I'll come back to the Harrogate Agenda in more detail, but for now want to focus on the single issue of raising taxes. Currently in the UK 95% of tax is determined and raised centrally, and as local government has become little more than Whitehall's branch network, it's fair to say that 100% of spending is determined centrally. Harrogate proposes that taxes are determined and collected locally, with a precept being paid over to the national government for those functions such as defence that can only be performed at state level.

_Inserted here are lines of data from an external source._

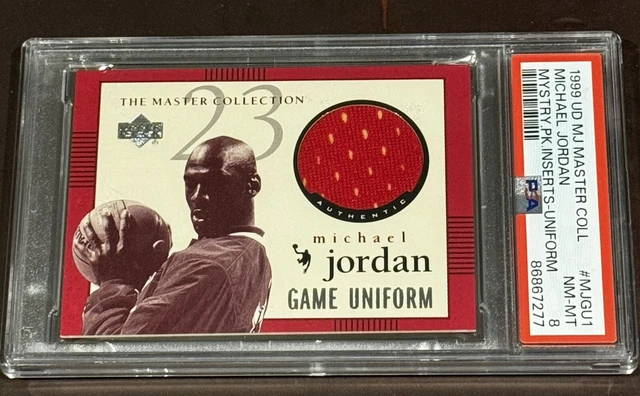 michael jordan master collection box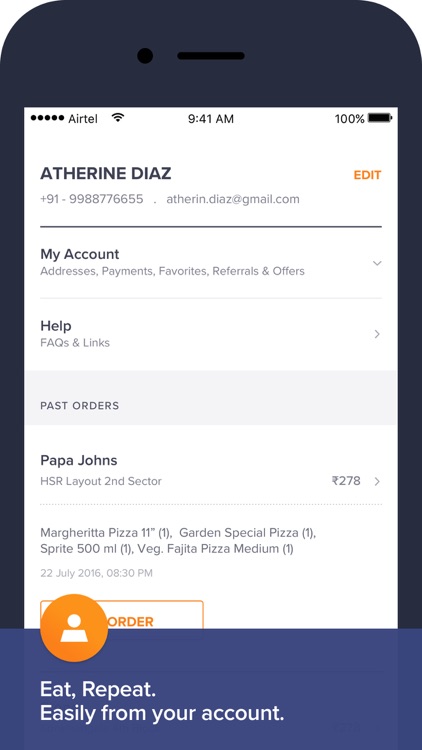 Swiggy Food Order & Delivery screenshot-4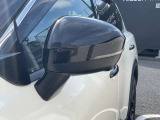 ウィンカーミラーで更にスタイリッシュで存在感あり!対向車からの視認性アップで安全性も高まります!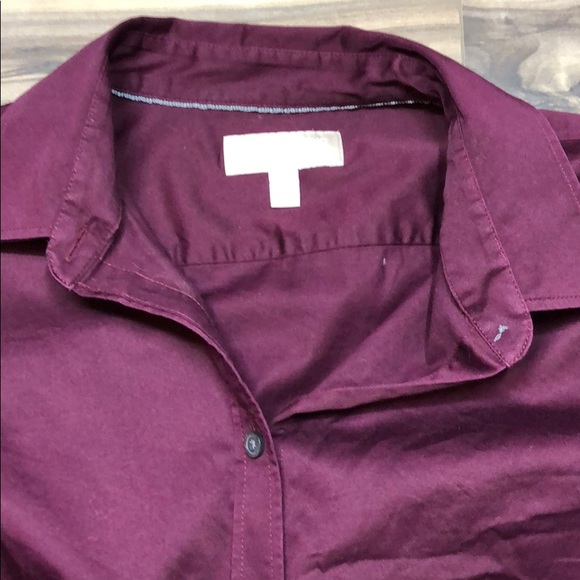 Banana Republic button down size 10 - Picture 10 of 13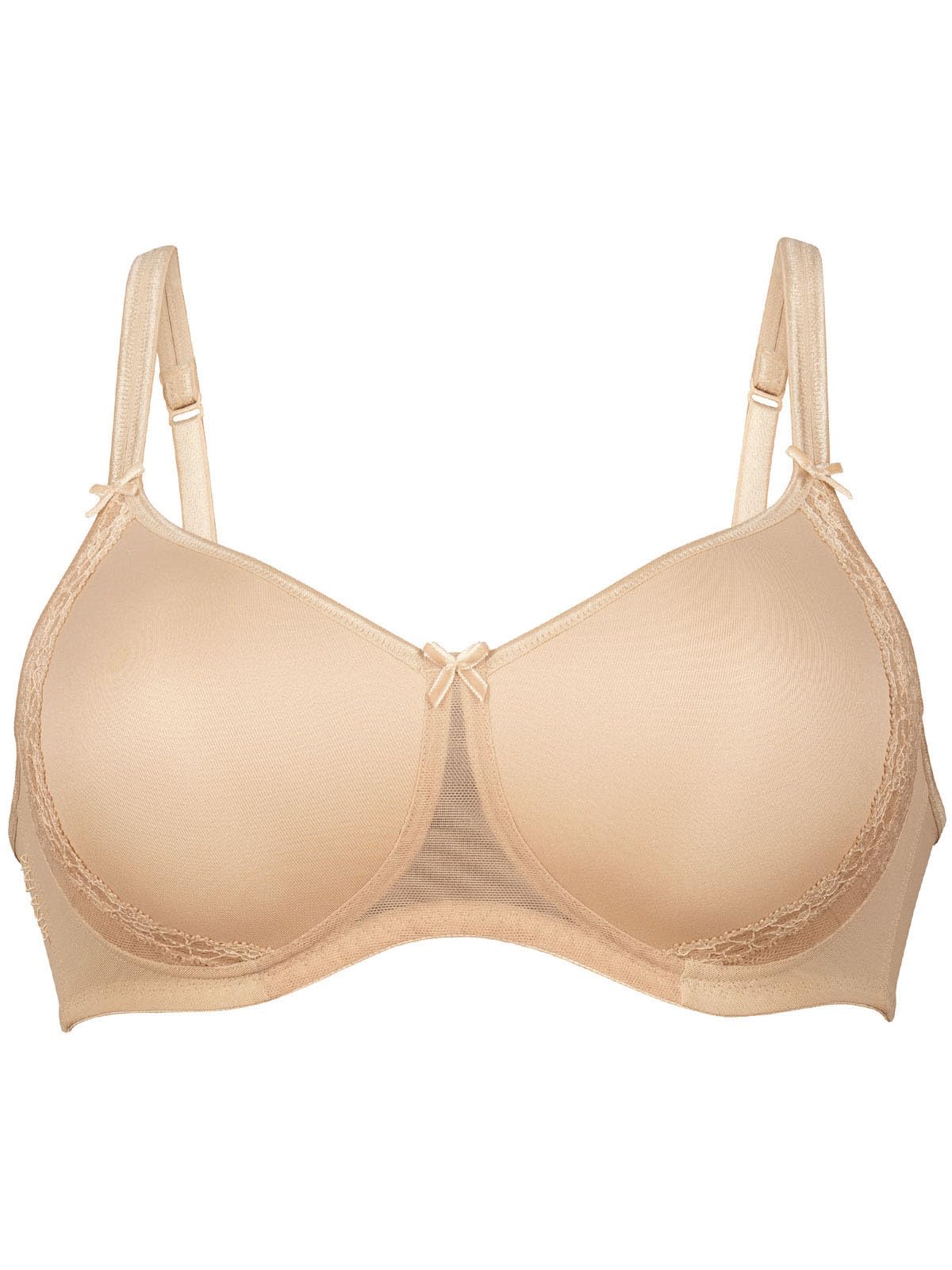 Anita Women's Padded Wireless Comfort Bra - Soft Support for Everyday Wear, Yoga & Lounge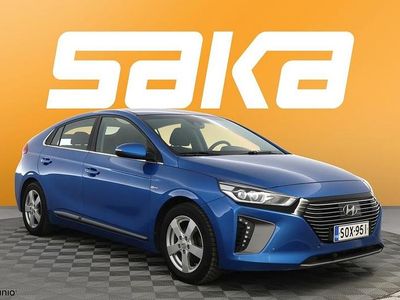 Käytetty Hyundai Ioniq Comfort 165 HP (121 kW) 2017 Viistoperä
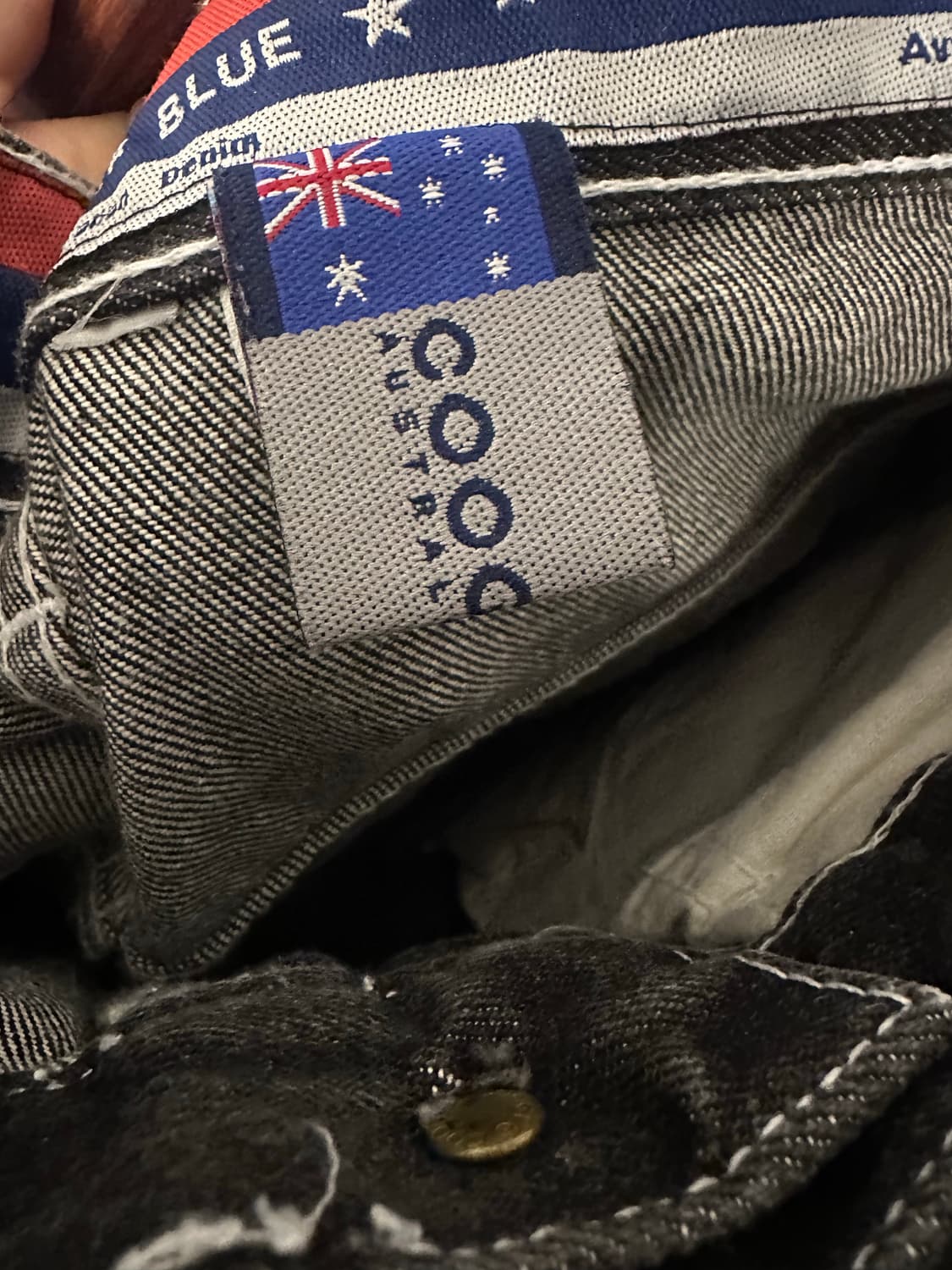 30)COOGI 카펜터 데님 상품이미지4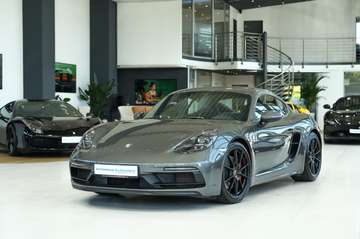 Cayman GTS*SPORT-CHRONO*SPORTSITZE+*PDLS+*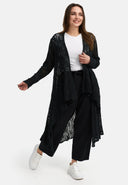 Casaco de Malha Longo 'Cotton' Kekoo
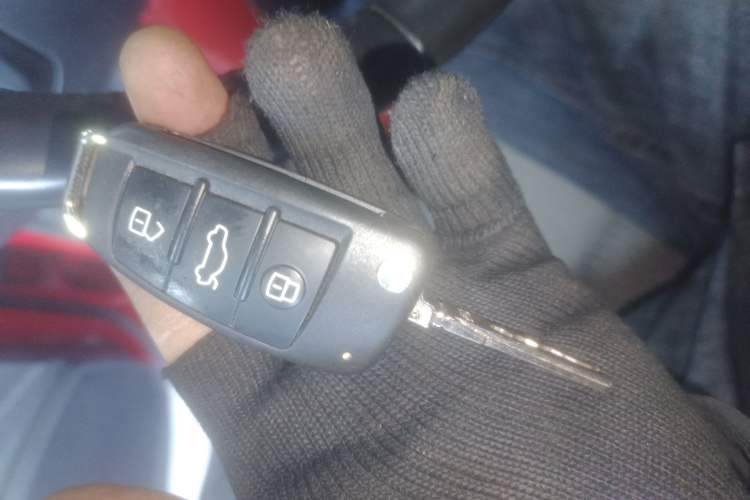 Used Audi A3 2019 Sportback 35 TFSI Fashion Edition China V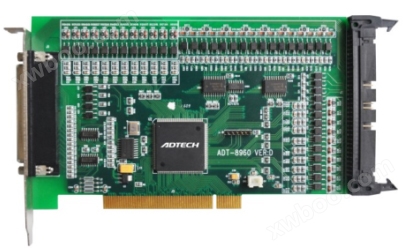 ADT-8960 PCI六轴运动控制卡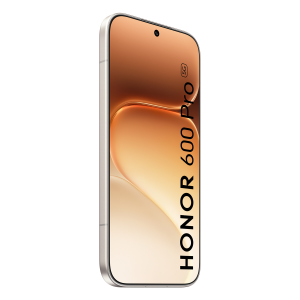 HONOR 600 Pro 5G 512GB Golden White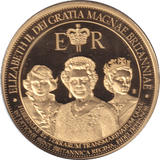 2015 PROCLAMATION OF ACCESSION - WORLD COINS - Cambridgeshire Coins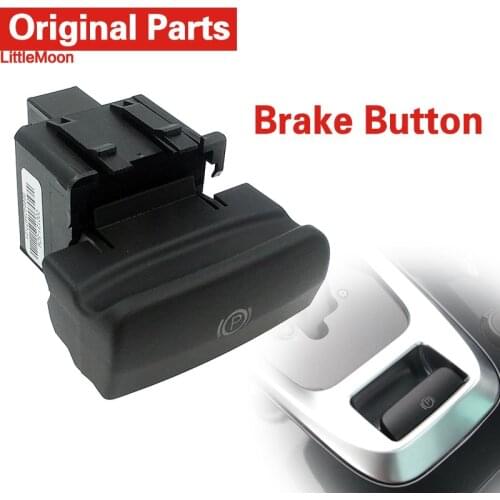 Original brand new Parking Brake Switch Electronic Handbrake Switch 470706 470702 For Peugeot 3008 5008 Citroen C4 PicassoDS4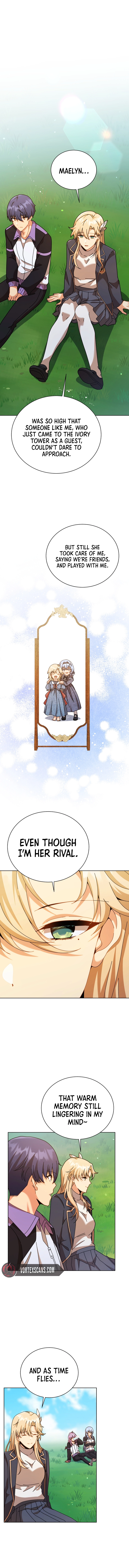 Necromancer Academy and the Genius Summoner chapter 128 page 2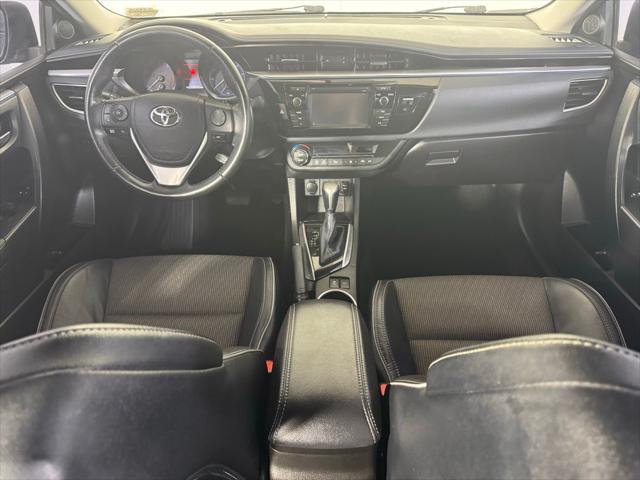 used 2015 Toyota Corolla car, priced at $10,995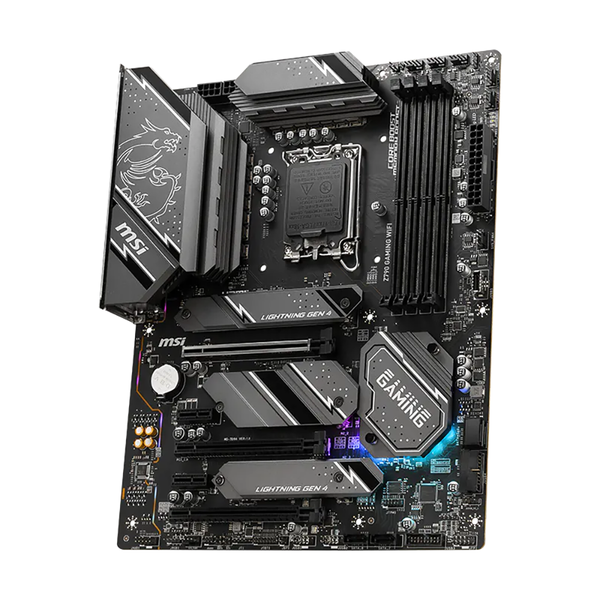  [Cũ] Mainboard MSI Z790 GAMING WIFI DDR5 | BH 3T STAR 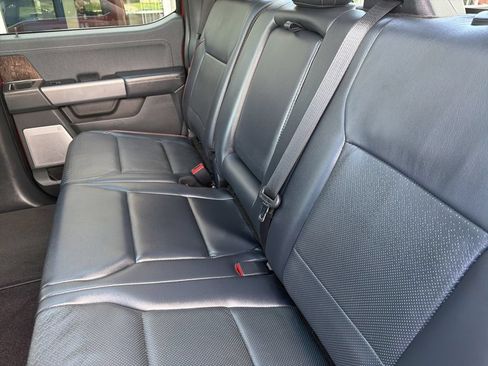 Used 2021 Ford F150 Lariat w/ Equipment Group 502A High AWD/4WD image 10
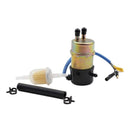 12V Electric Fuel Pump 49040-1055 for Kawasaki Mule KAF620 3020 3010 3000 2520 2500 2510 1000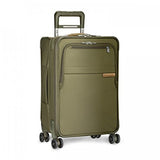 Briggs & Riley Baseline Domestic Expandable Carry-On 22" Spinner, Olive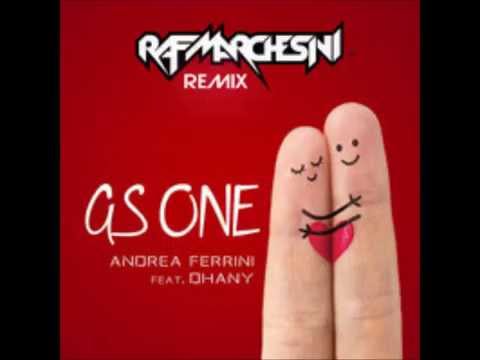 Andrea Ferrini feat. Dhany - As One (Raf Marchesini Remix)
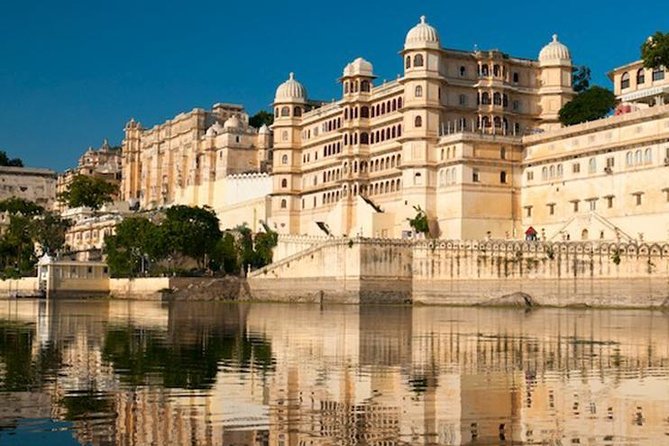 Private 8-Day Rajasthan Tour of Udaipur, Neemrana & Lake Pichola From Delhi - The Sum Up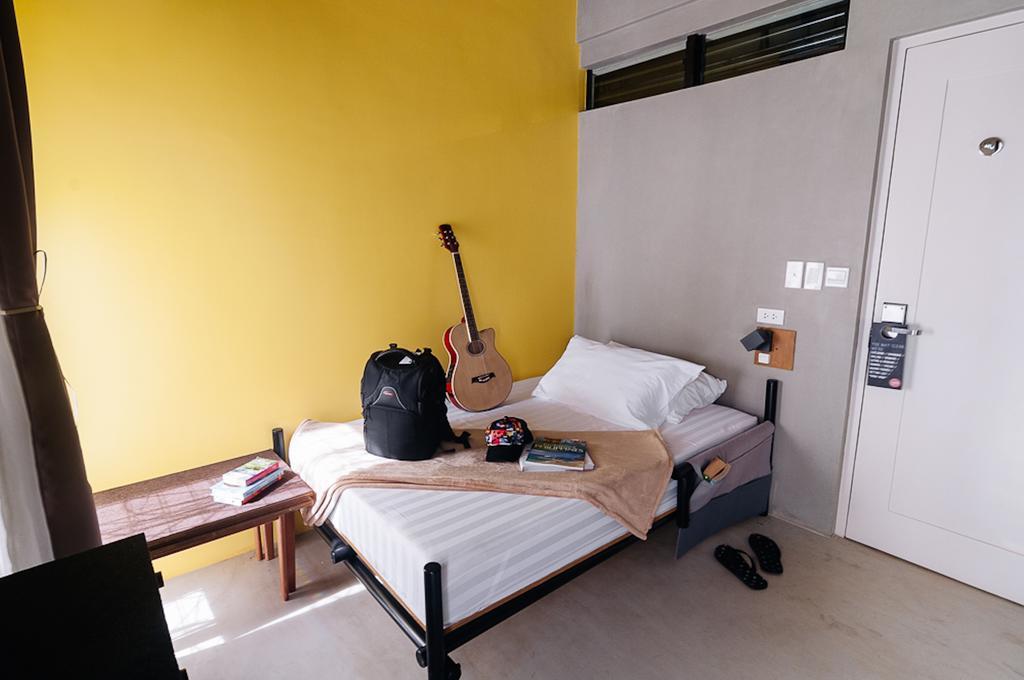 Spin Designer Hostel - El Nido Bilik gambar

In Spain, spending decisions are already largely devolved to the Autonomous Regions (ARs), the Madrid government controlling the spend of only some 18% of all tax raised. But Catalunya wants more - the region wants to raise all taxes itself, and pay a precept to Madrid, rather than Madrid collecting the money and distributing it, as at present.
What's behind this is the same reason that prompted Harrogate's recommendation. Catalunya fears that Madrid is forcing austerity measures on the regions whilst escaping cutting its own budgets, and wants the power to force budget reductions on the national government.
And here we need to question all the assumptions about EU regional policy. In the main, it's been a mechanism for distributing regeneration funding through ERDF and ESF rather than encouraging regional identities; in fact only 2.5% of the budget is devoted to the development of regional identity. Berlaymont would much rather deal with just 27 state governments than the 344 regions represented on the Committee of the Regions. Subsidiarity in Europe is like Localism to Cameron - just a word. The EU is as centralist in reality as any oligarch. In the face of rising nationalism throughout Europe, the EU is actively discouraging any regional independence; both Scotland and Catalunya have been told that independence will put them back at the start, as candidate nations. Barcelona should not look for help from Brussels - it won't get it.